ACTIVITY:
Range to copy from the entries below: the line containing "Stunning sculptural hammered" through the line containing "Resort-style pool and", inclusive. Retype only those lines, exactly, without any images.

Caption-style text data
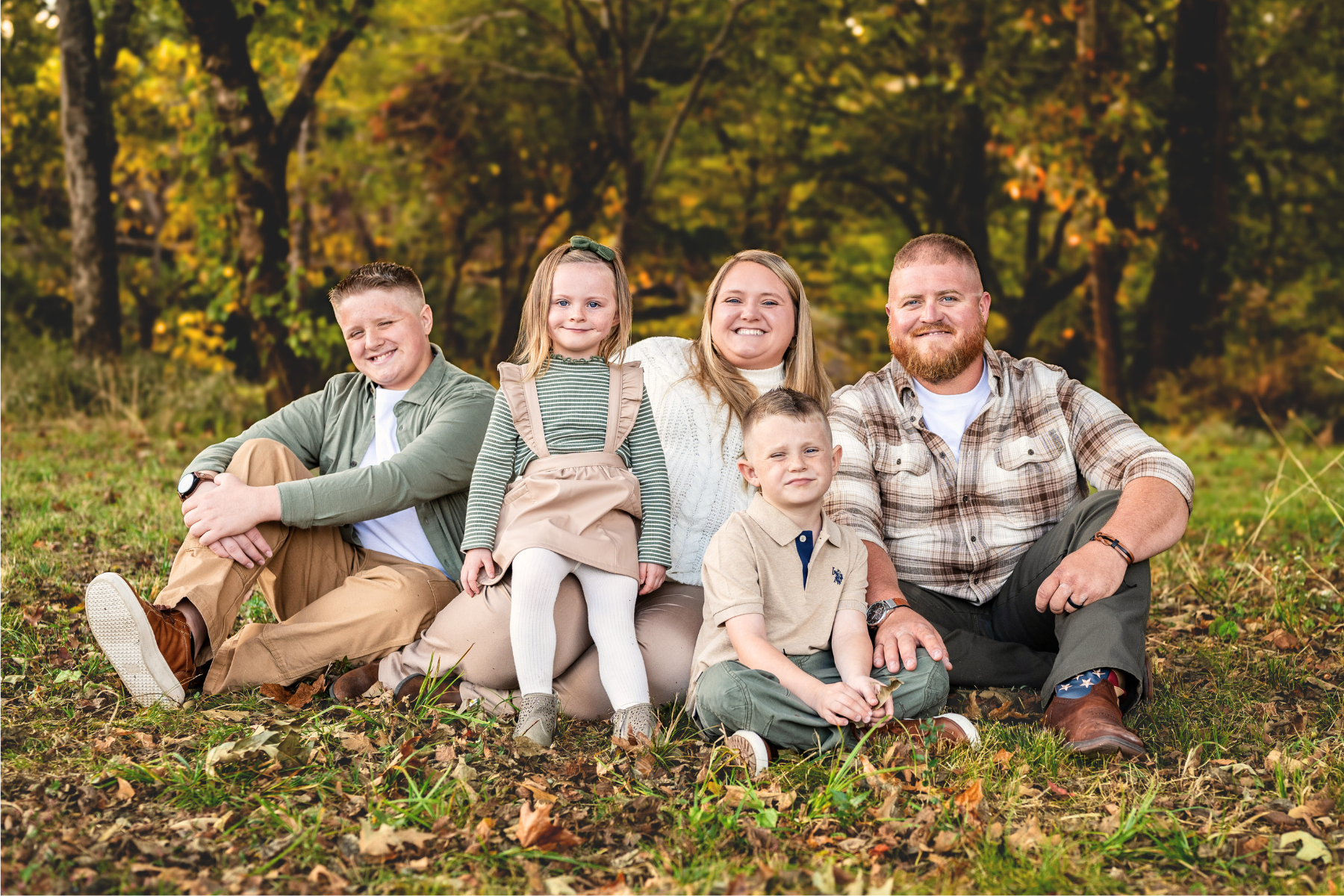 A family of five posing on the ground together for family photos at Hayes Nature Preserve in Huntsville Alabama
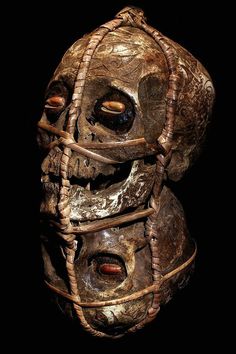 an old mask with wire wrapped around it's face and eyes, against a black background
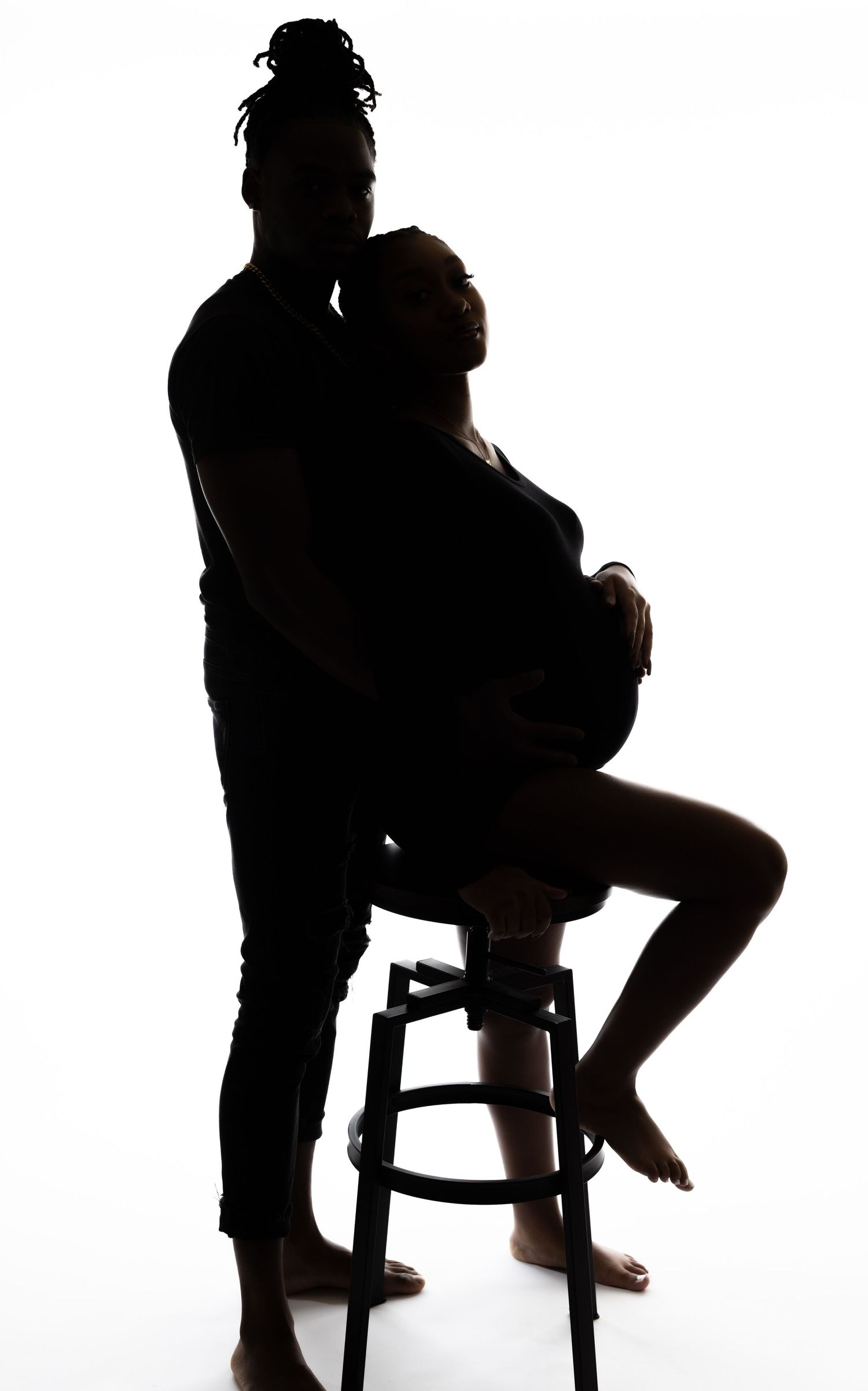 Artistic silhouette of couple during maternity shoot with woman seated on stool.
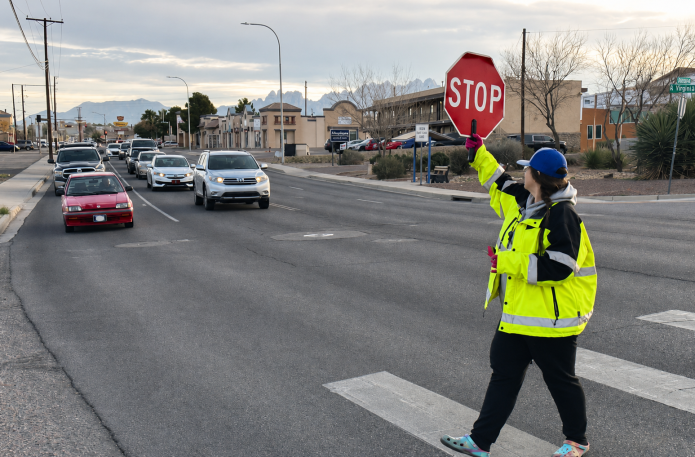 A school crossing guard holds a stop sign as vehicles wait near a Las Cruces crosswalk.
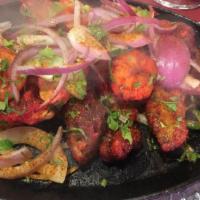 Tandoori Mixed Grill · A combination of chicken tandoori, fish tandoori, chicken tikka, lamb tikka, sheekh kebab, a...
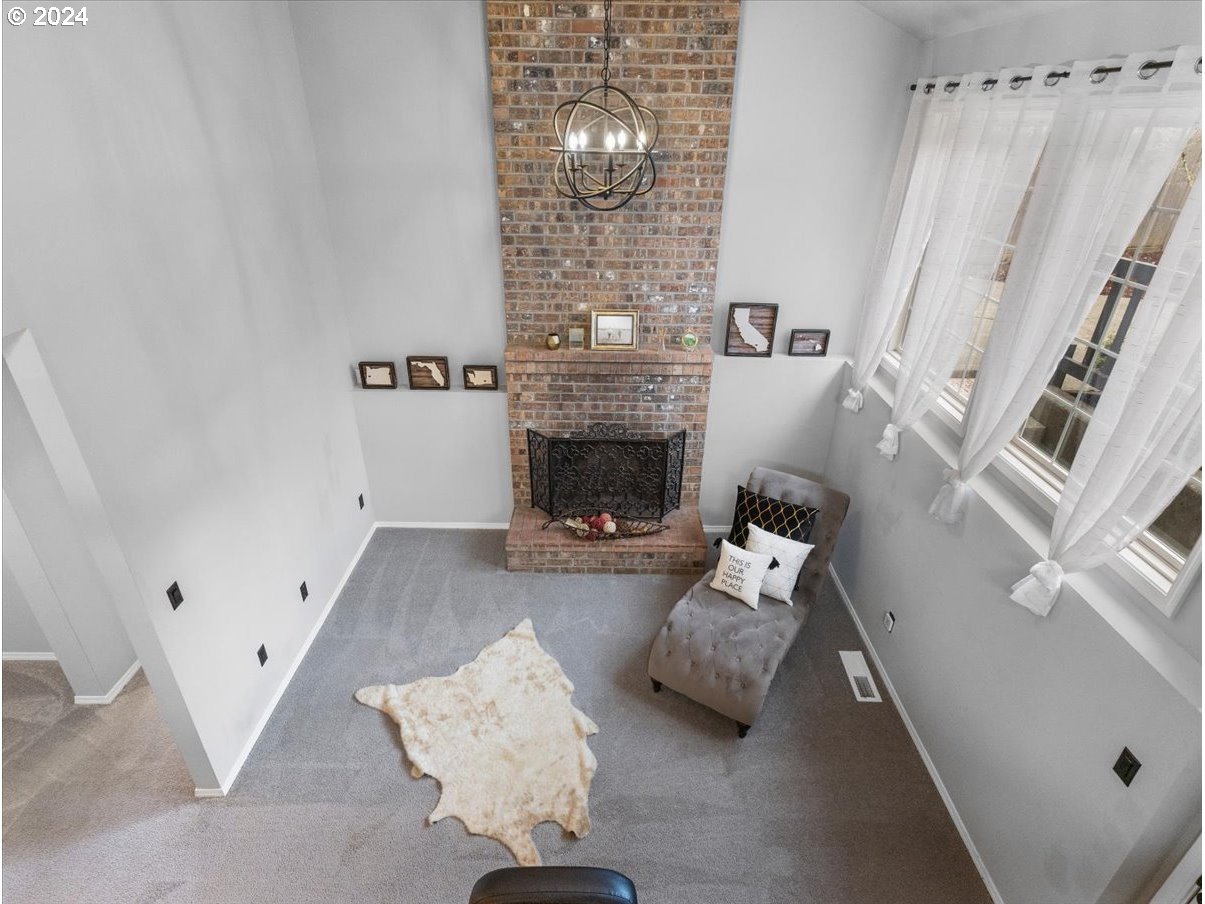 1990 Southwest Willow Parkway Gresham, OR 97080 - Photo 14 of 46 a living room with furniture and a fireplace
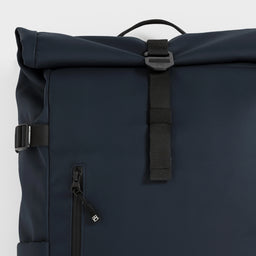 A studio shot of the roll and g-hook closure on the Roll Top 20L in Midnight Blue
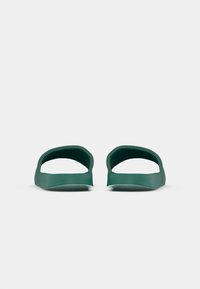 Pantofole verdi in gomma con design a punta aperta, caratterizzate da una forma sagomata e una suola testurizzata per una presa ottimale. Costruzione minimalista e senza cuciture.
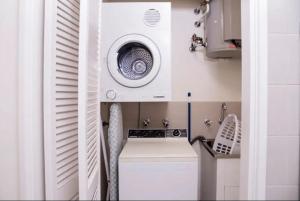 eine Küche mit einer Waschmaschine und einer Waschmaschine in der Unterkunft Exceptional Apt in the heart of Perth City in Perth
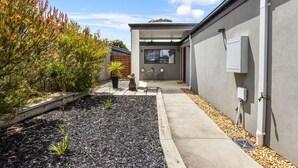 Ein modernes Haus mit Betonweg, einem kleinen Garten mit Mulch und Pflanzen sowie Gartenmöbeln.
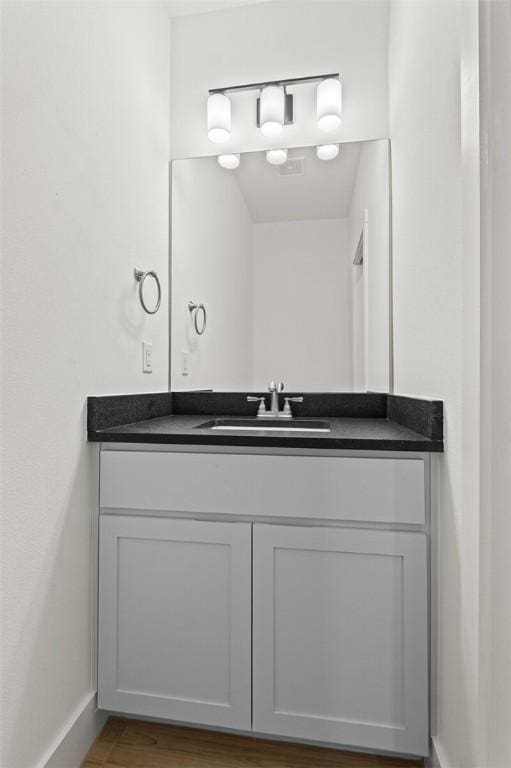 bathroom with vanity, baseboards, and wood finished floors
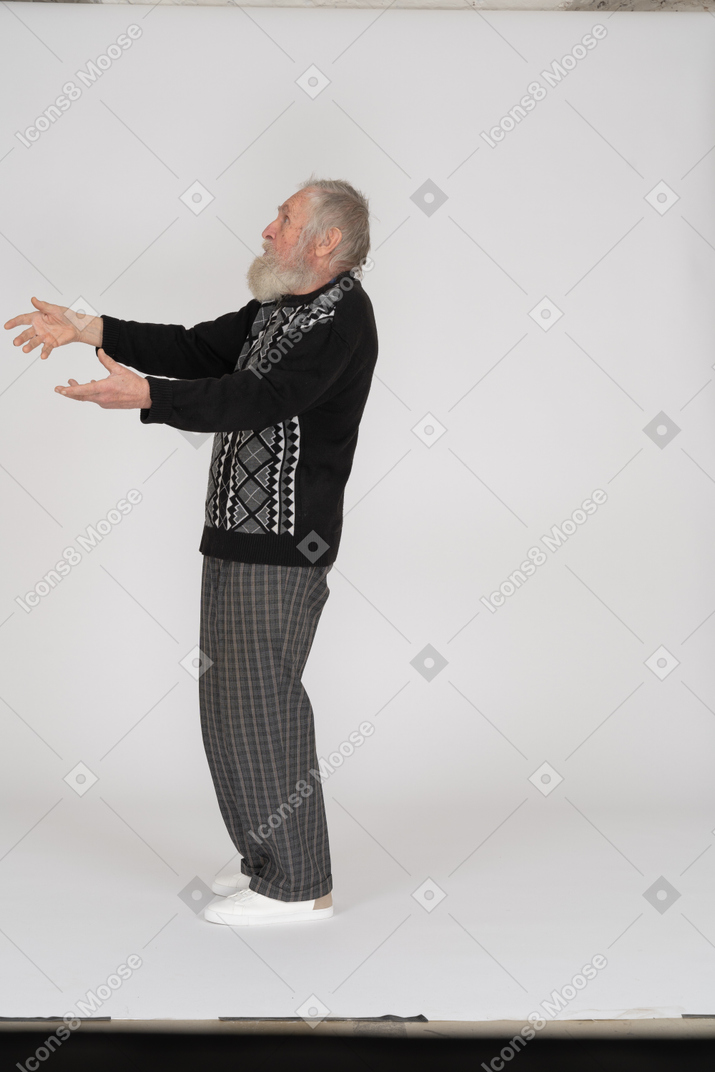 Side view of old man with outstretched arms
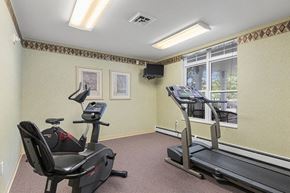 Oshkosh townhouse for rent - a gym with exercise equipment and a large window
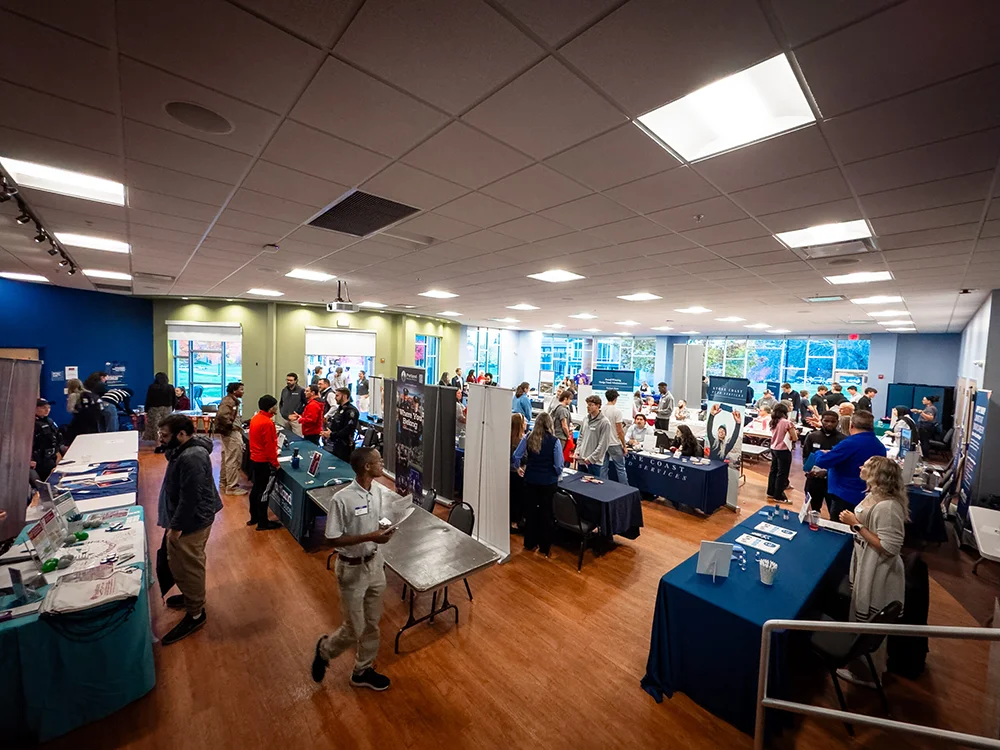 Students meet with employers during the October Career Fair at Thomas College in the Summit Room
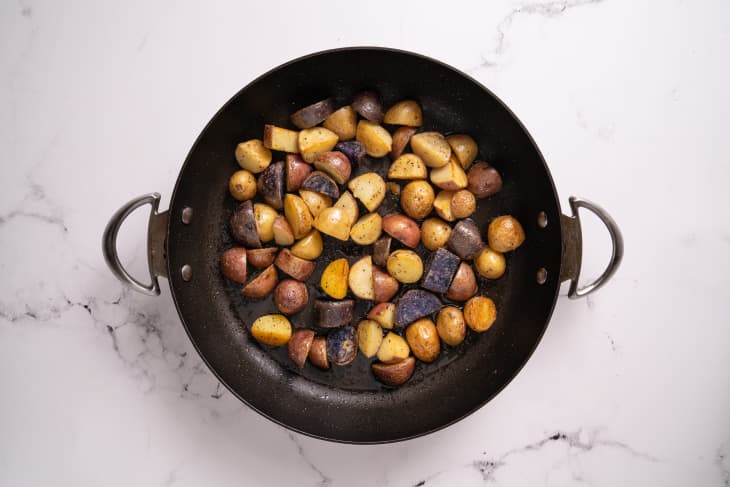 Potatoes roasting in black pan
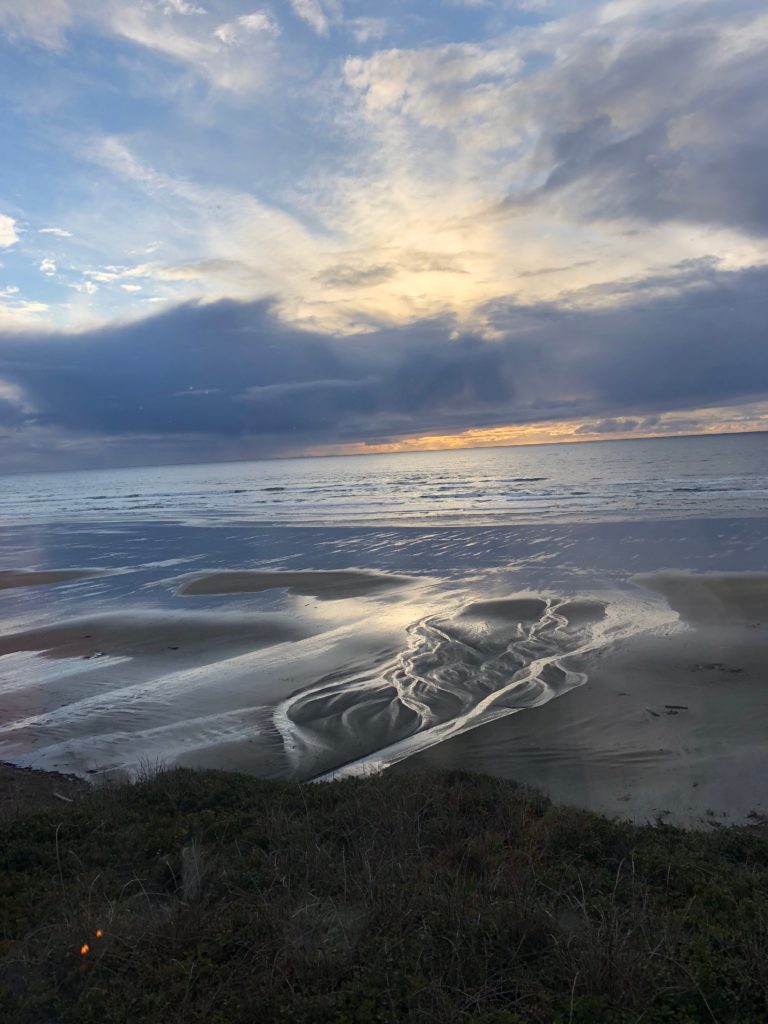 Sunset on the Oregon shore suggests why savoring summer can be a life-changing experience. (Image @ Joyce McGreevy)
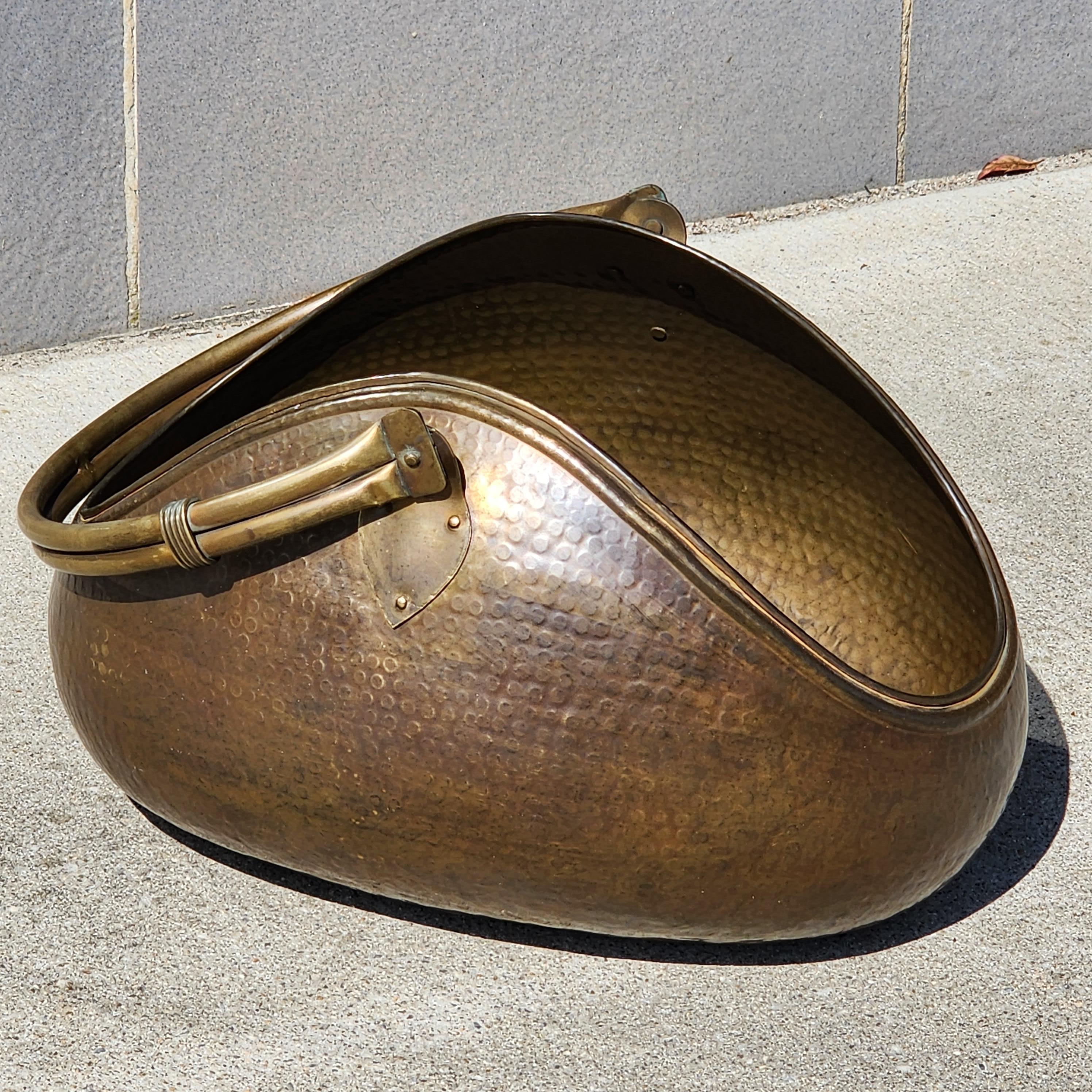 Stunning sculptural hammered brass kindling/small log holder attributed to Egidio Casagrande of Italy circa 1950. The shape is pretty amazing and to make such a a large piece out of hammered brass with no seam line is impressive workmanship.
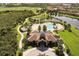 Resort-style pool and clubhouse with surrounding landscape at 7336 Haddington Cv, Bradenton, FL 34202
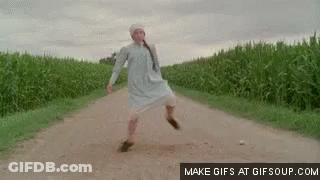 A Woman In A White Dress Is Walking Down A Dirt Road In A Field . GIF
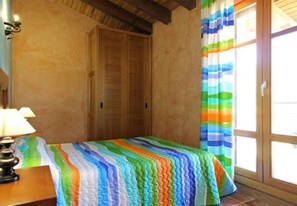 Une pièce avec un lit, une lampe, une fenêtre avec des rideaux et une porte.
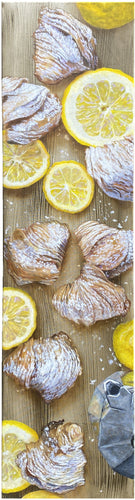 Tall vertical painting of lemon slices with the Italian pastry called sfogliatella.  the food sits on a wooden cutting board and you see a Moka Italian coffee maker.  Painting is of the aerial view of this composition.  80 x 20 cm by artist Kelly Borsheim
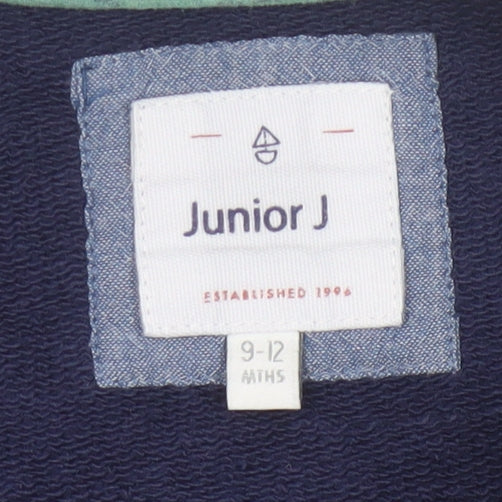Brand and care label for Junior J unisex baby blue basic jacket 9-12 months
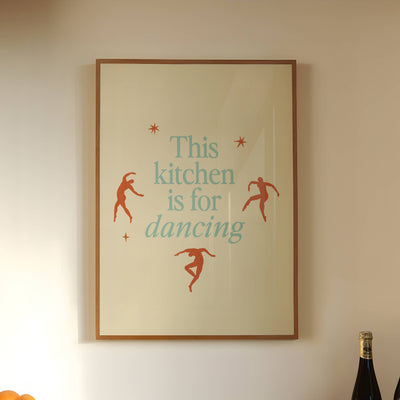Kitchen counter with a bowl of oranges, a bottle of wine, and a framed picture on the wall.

EXERCISE OUTPUT:
 Stunning sculptural hammered brass kindling/small log holder attributed to Egidio Casagrande of Italy circa 1950. The shape is pretty amazing and to make such a a large piece out of hammered brass with no seam line is impressive workmanship.
 Resort-style pool and clubhouse with surrounding landscape at 7336 Haddington Cv, Bradenton, FL 34202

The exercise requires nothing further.